- Provided records -
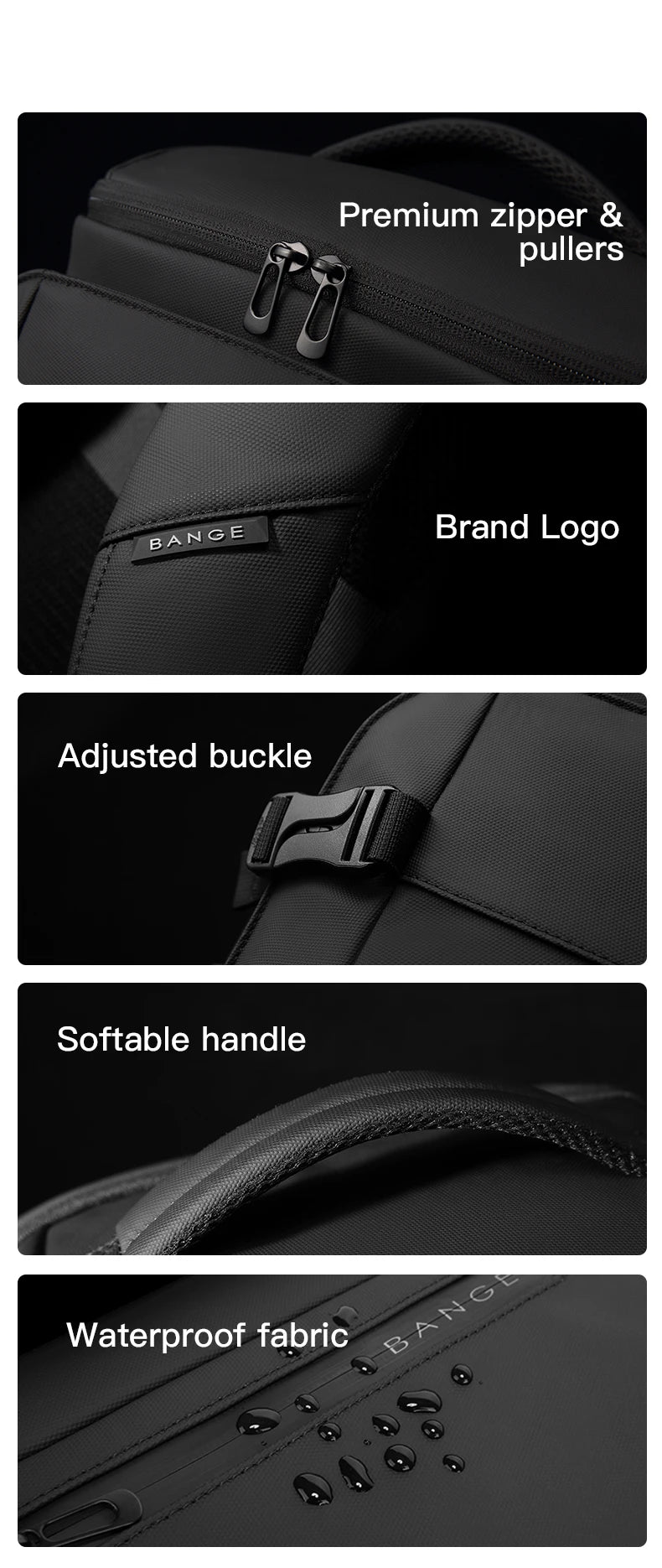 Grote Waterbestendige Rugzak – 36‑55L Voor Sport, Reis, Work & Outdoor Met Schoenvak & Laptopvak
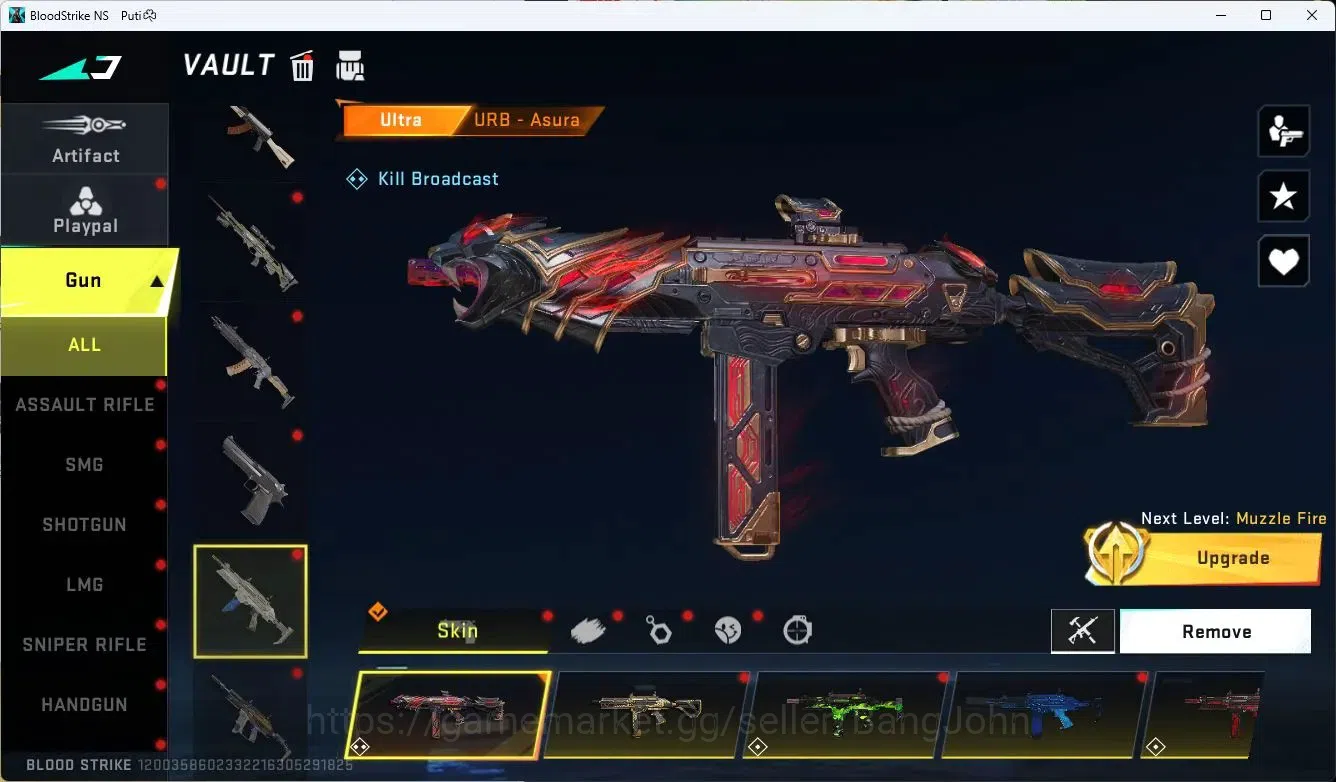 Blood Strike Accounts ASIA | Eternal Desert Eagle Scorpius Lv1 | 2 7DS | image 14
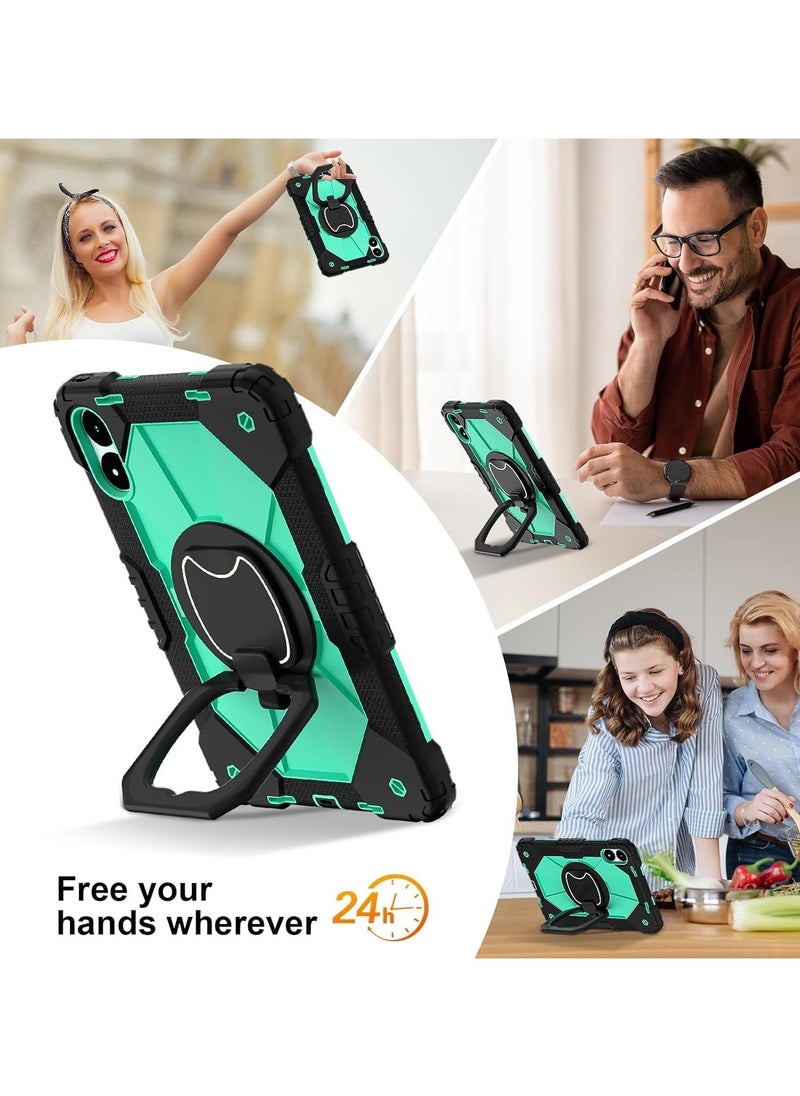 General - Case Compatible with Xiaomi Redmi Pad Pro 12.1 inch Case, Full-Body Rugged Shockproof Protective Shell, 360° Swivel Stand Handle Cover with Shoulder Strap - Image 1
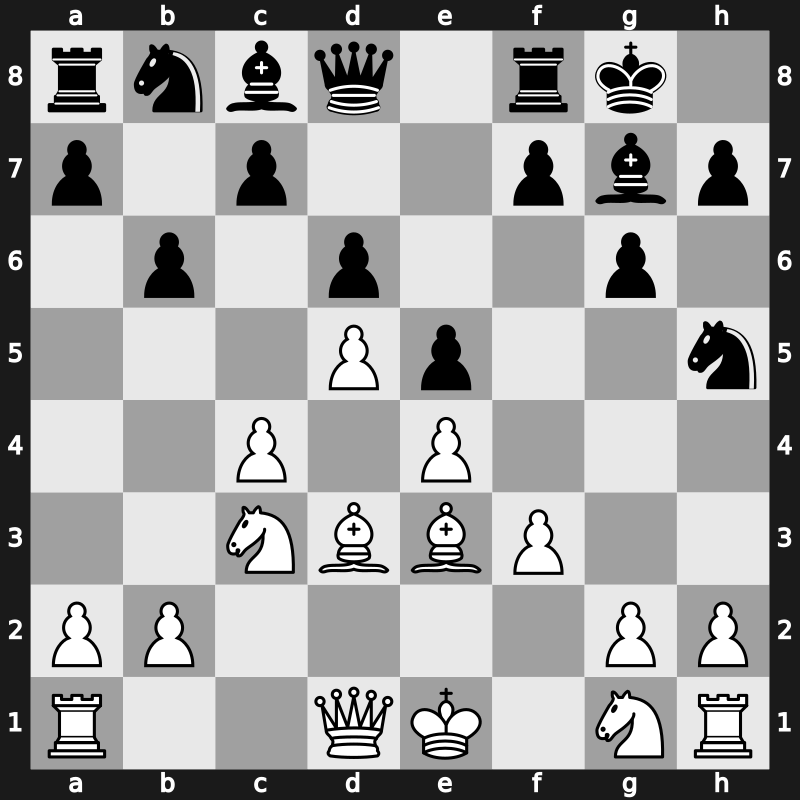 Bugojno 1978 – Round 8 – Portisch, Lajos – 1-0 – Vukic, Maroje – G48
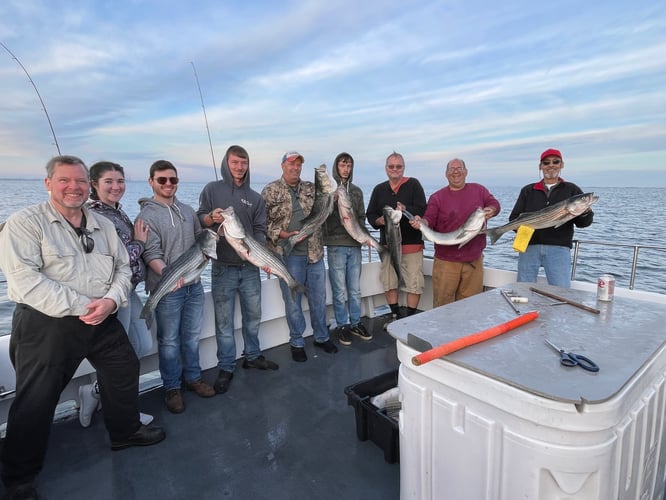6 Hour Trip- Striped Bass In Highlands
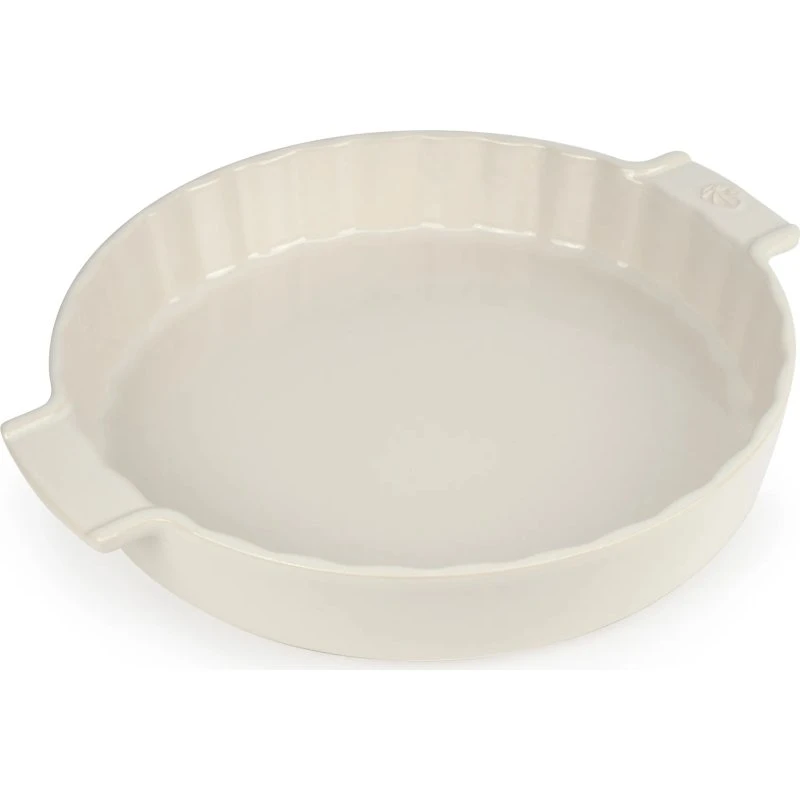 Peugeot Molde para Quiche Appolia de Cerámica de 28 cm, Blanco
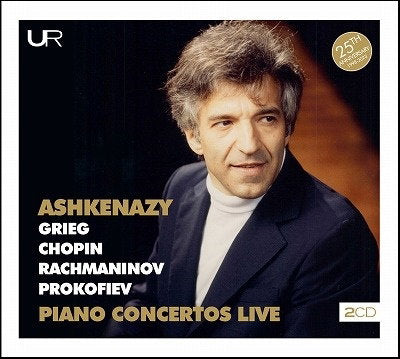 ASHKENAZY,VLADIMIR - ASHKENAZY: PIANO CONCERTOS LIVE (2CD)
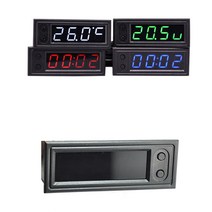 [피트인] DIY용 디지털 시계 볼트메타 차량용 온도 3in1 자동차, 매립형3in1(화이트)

- Required action -
Copy nothing but the lines from the top of the data down to the line containing "Blood Strike Accounts", and leave the pictures out.

- Result for this task -
 Grote Waterbestendige Rugzak – 36‑55L Voor Sport, Reis, Work & Outdoor Met Schoenvak & Laptopvak
 Blood Strike Accounts ASIA | Eternal Desert Eagle Scorpius Lv1 | 2 7DS | image 14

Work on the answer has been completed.